Mention has been made here of a standard for CSV. I'd be interested to know more about this - the only standards I'm aware of are
whatever excel accepts
the RFC at www.rfc-editor.org/rfc/rfc4180.txt
Yes, you need to wrap in quotes:
"some value
over two lines",some other value
From this document, which is the generally-accepted CSV standard:
A field that contains embedded line-breaks must be surounded by double-quotes
the most common variant of csv out there which is the excel compatible one will allow embedded newlines so long as the field is surrounded by double quotes.
foo,bar,"blah blah
more blah blah",baz
or
foo,bar,"blah blah
more blah blah"
or
"blah blah
more blah blah",baz
are all valid. This mechanism also allows for embedded commas.
Using quotes around textual fields without embedded new lines (or commas) is fine too. If the text itself contains a double quote then mechanism to escape it is to put two together, for example.
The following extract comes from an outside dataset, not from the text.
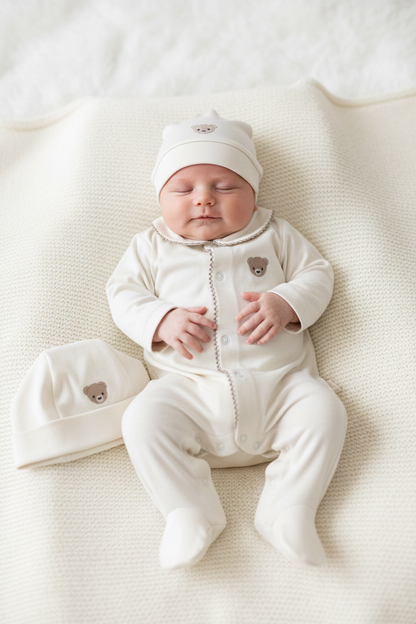 Tan Baby Bear Embroidered Take-Home Set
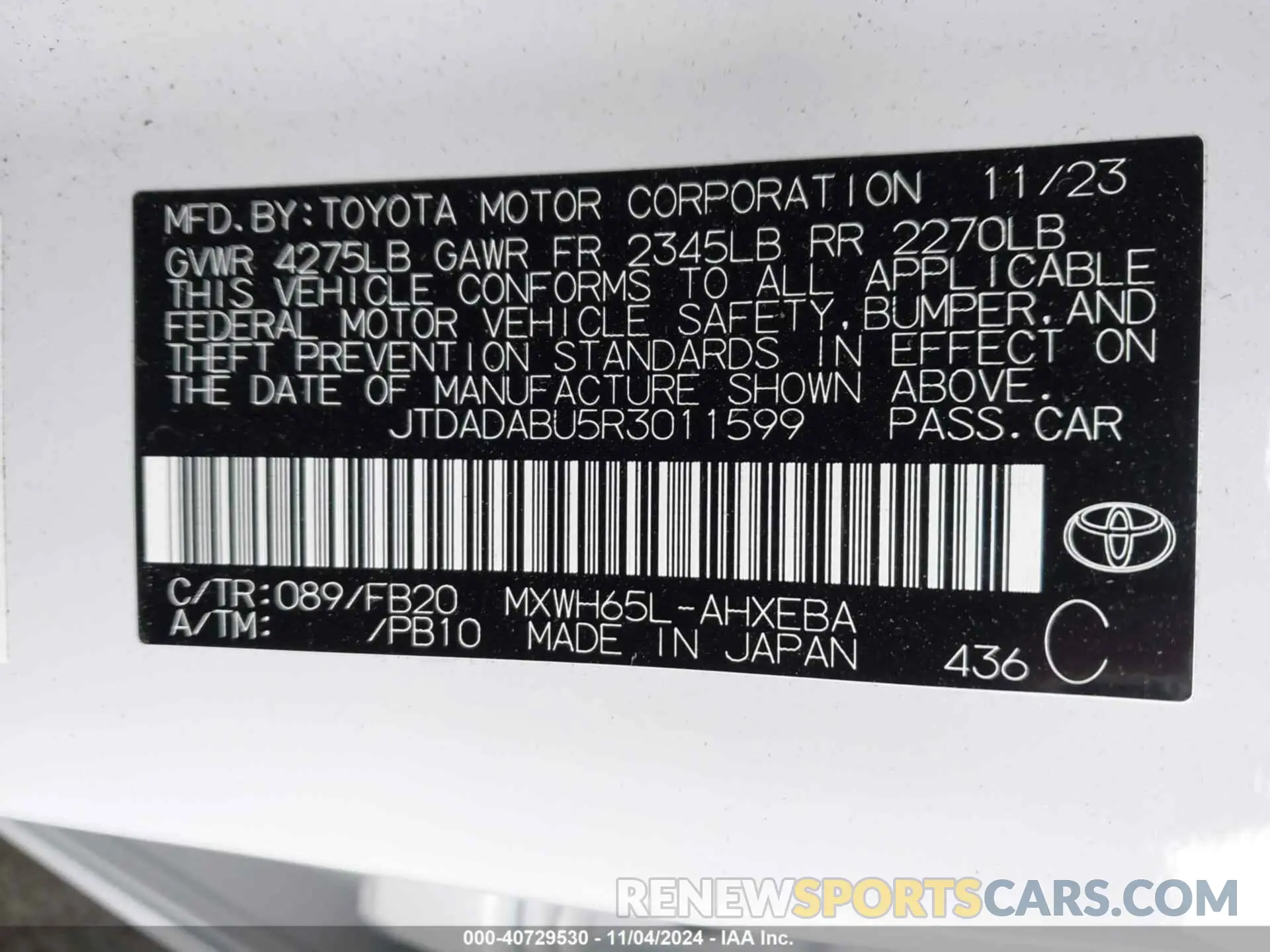 9 fotografías del automóvil dañado JTDADABU5R3011599 TOYOTA PRIUS 2024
foo,bar,"this person said ""blah blah
more blah blah""",baz
Writing a csv reader that handles this correctly can be tricky (especially if you are relying on regular expressions).
I don't think it's part of the standard (if there even is one), but you could use standard C-style escaping, i.e. encode \r\n.
Keep in mind, however, that if you do that you should also encode the escape character -- i.e. \ yields \ after decoding.